**Task prompt**. Your answer must be the full listing below, repeated exactly, with no pictures in it.

(Dataset content begins)

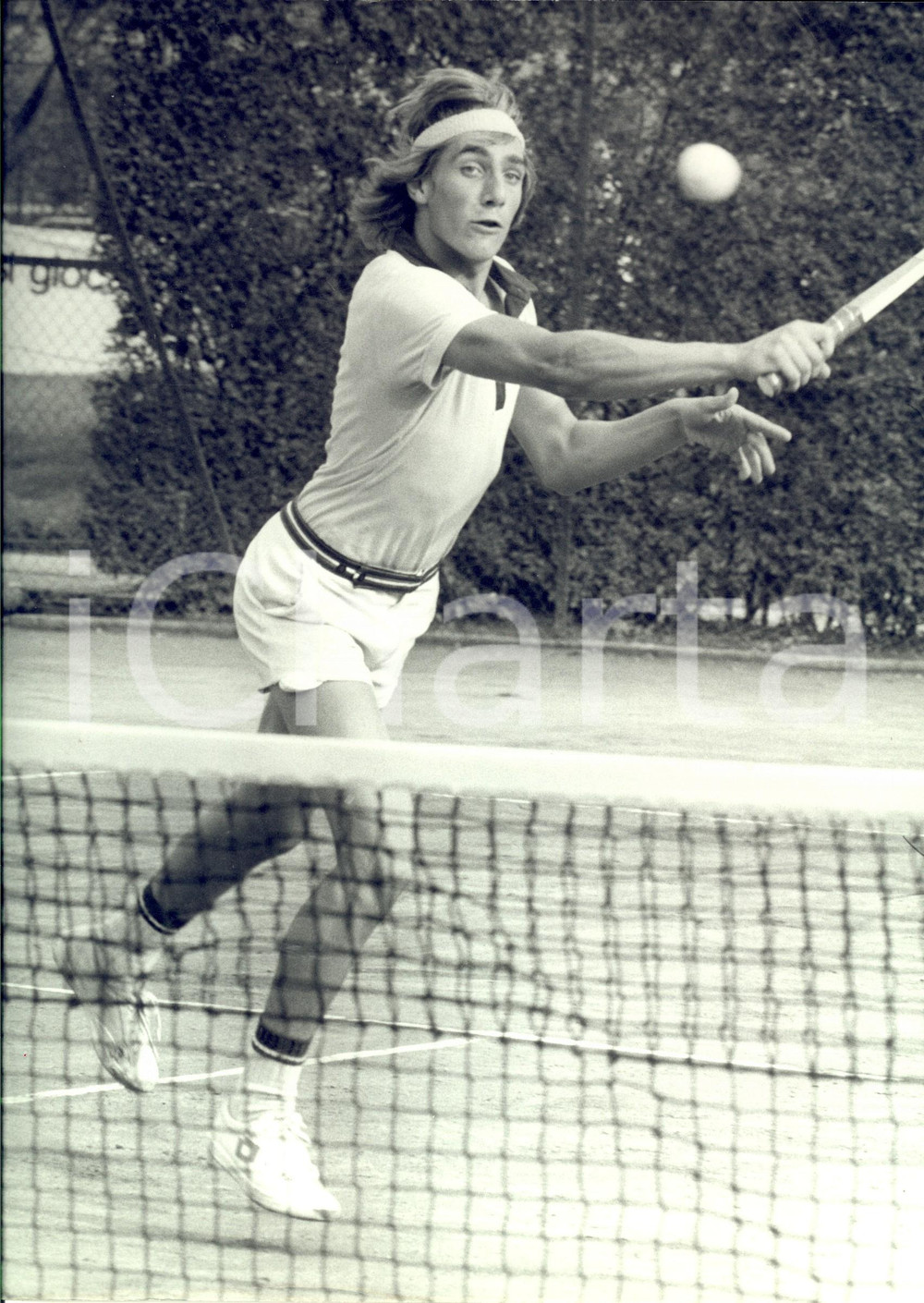 Fotografia d epoca originale 1980 ca TENNIS ITALIA Ritratto di Fabrizio DAVID in partita Foto 24x30 cm 1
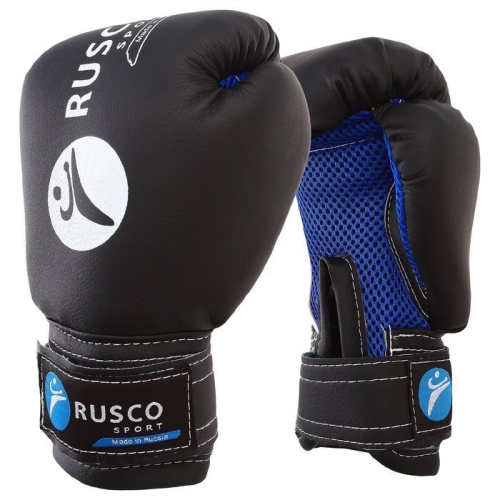 Перчатки боксерские RUSCOsport BOXER детские, кож.зам., 10 OZ, черные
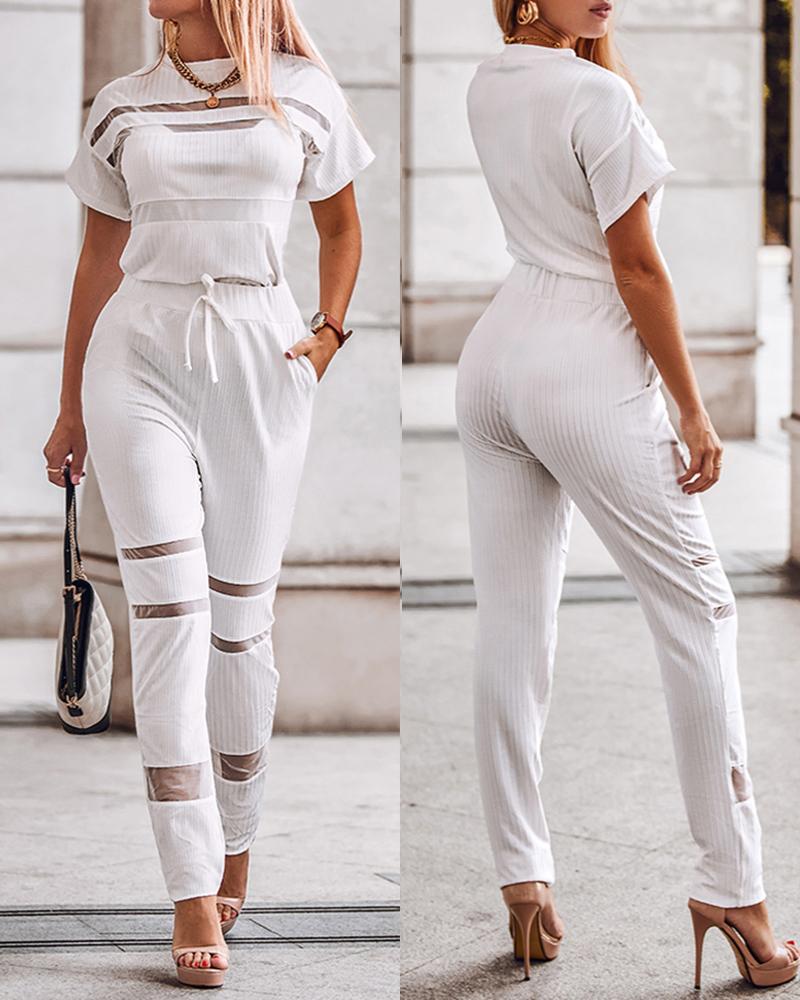 

Ribbed Contrast Mesh Top & Drawstring Pants Set, White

(Dataset content ends)

**Result for this exercise**.
 Fotografia d epoca originale 1980 ca TENNIS ITALIA Ritratto di Fabrizio DAVID in partita Foto 24x30 cm 1
 Перчатки боксерские RUSCOsport BOXER детские, кож.зам., 10 OZ, черные

Ribbed Contrast Mesh Top & Drawstring Pants Set, White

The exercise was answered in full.